Try: “Last night when (insert situation) happened I felt alone/weak/bad/uncomfortable. I would feel better if next time it happens, we handle it this way or talk about it in private.” Avoid the “you” blame and provide possible resolutions.
Being clear on each other’s thoughts
Newsflash: we can’t read each other’s minds. I can’t assume that Ryan will take out the trash just because I’m busy doing something else and I expect he will. While I assume he’ll see I’m busy cooking, his thoughts might be on work worries or playtime with our daughter. Don’t assume; it will only set you up for unfulfilled expectations. This goes for tasks around the house, needs, wants, plans, etc.
Try: “(Insert partner’s name), sometime before Olivia’s bath could you take out the trash, please?” Simple, no commands and straight to the point.
Starting on the same page
We’ve been doing this exercise on some Fridays or Saturdays almost every week. During breakfast or dinner, we go around the table and talk about what we would like to do on the weekend so we can plan ahead. For example, I won’t be able to clean the basement while he plans to work outside. One of us has to take care of our little one. We include her too! We make sure to incorporate her paint or LEGO time (or whatever other activity she dreams up) into our day.

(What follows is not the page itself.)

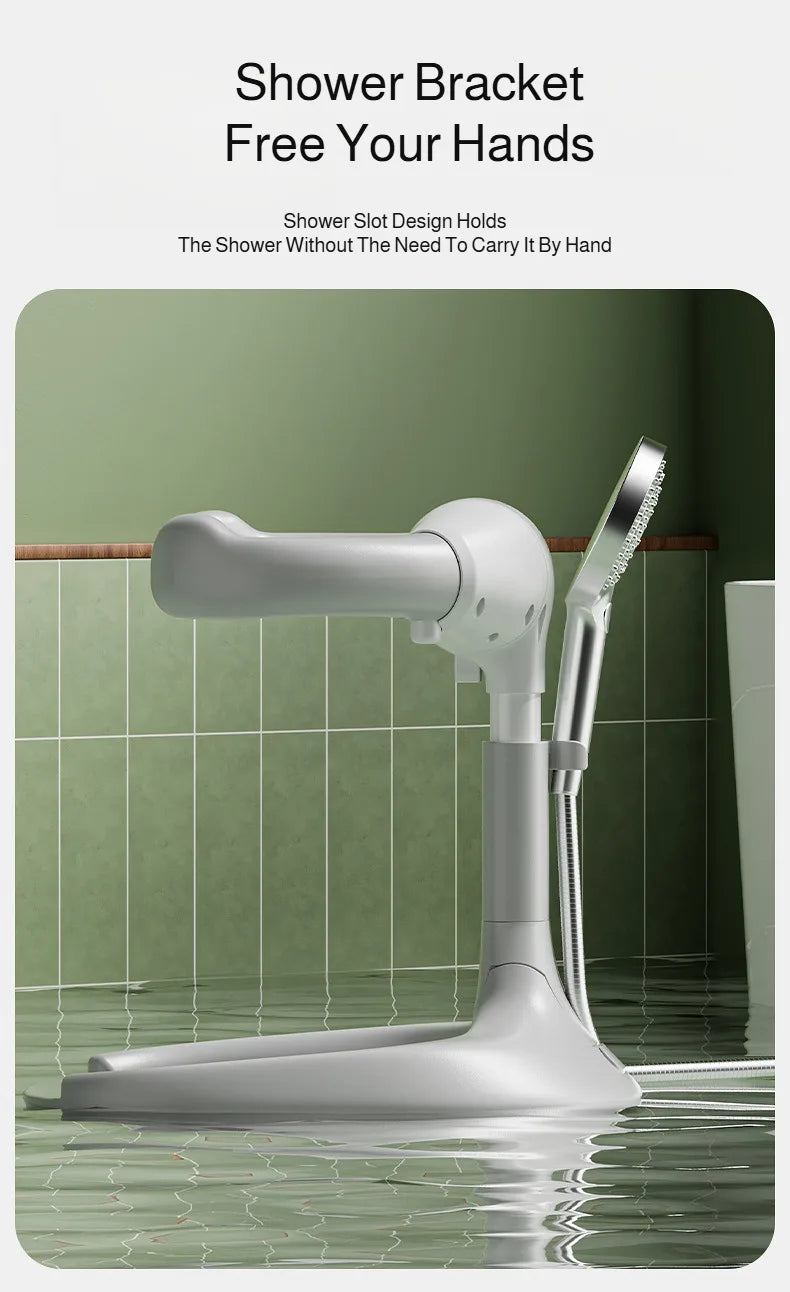 Siege de Bain Bebe Reglable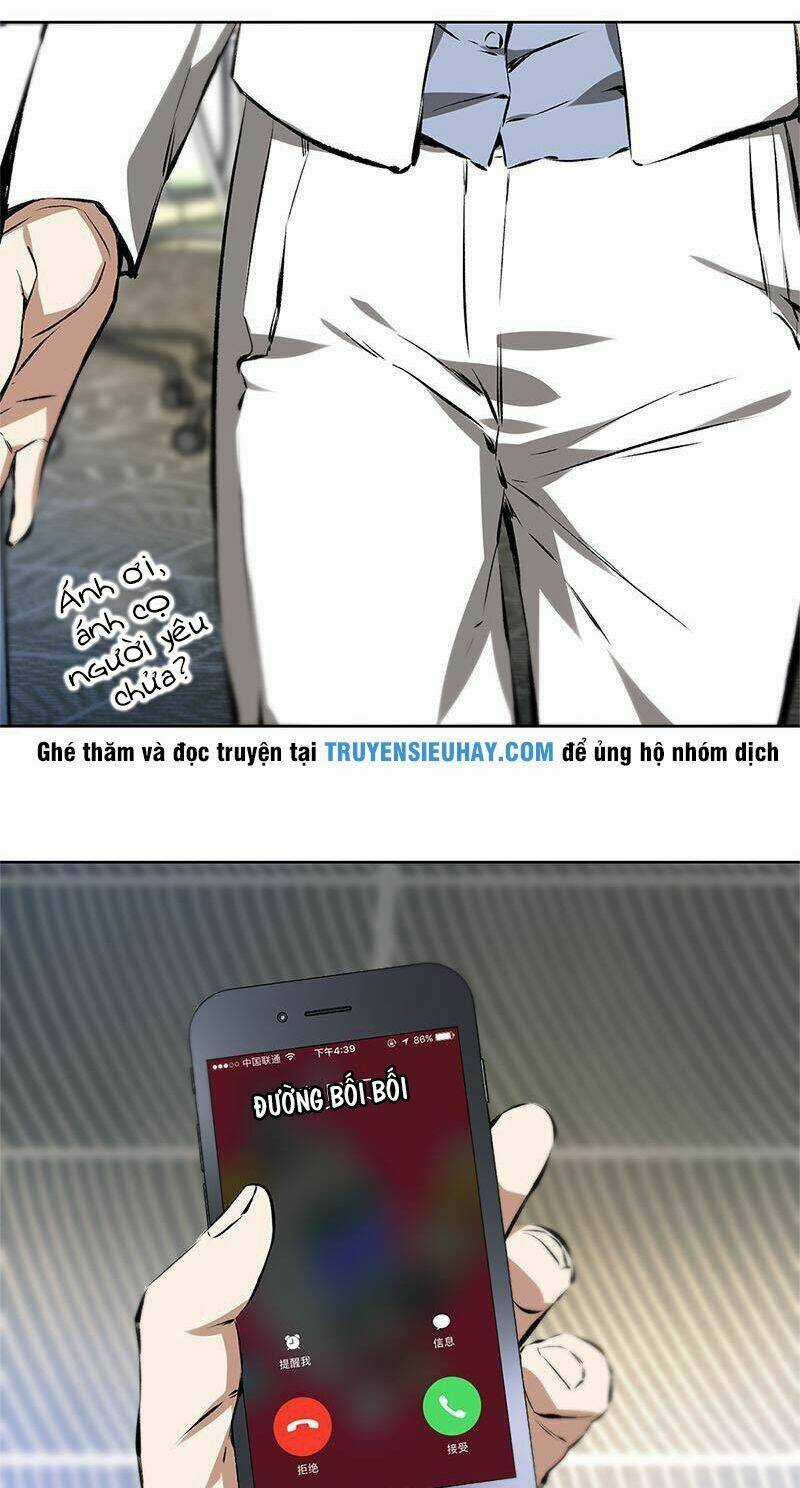 Ta Là Phế Vật Chapter 14 trang 13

We go through slumps once or twice a year. Work stress adds up, responsibilities shift, routine sets in and we end up in our own little worlds. We often find that we’re in the middle of these slumps when we are rarely, if ever, intimate. It’s a sign, but never the cause. When this happens, we’re pretty quick to notice and willing to sit down and talk. We’re open about how we’re feeling, stresses we’re going through, how we can help each other, what we need to do ourselves and what we need/expect from each other. These conversations can last minutes, hours or even a prolonged amount of time as you both work out the kinks.
Try: “I feel a bit detached due to stress at work. I’m going to try to be more proactive in being present again. I need to feel wanted every once in a while and would like reciprocation. How do you feel we stand on our relationship needs right now? What can we both work on to be here for each other?”
Not harboring bad sentiments
“Don’t go to bed angry,” they say. I get the idea, but literally, it makes no sense. Sometimes you need to step away from the situation and release some emotion before saying hurtful things. But even if it’s a few days past, we make sure to let the other one know. Just the fact that he knows how I feel/felt, is enough to calm my thoughts. Remember, they can’t read our minds and are not part of the little battles/conversations we have with them in our heads.
The main thing that has worked for us is being truly honest about how we feel, where we need help and finding out the root of the problems without placing any blame on the other person. We truly want the best for each other and our relationship, so we are willing to put in the work and step into difficult territory to get there.
If you do encounter problems in your relationship that are beyond “talking and working on it”, I 100% recommend seeking professional counsel and help.
We change, relationships change, needs change, but with open and honest communication nobody gets left behind.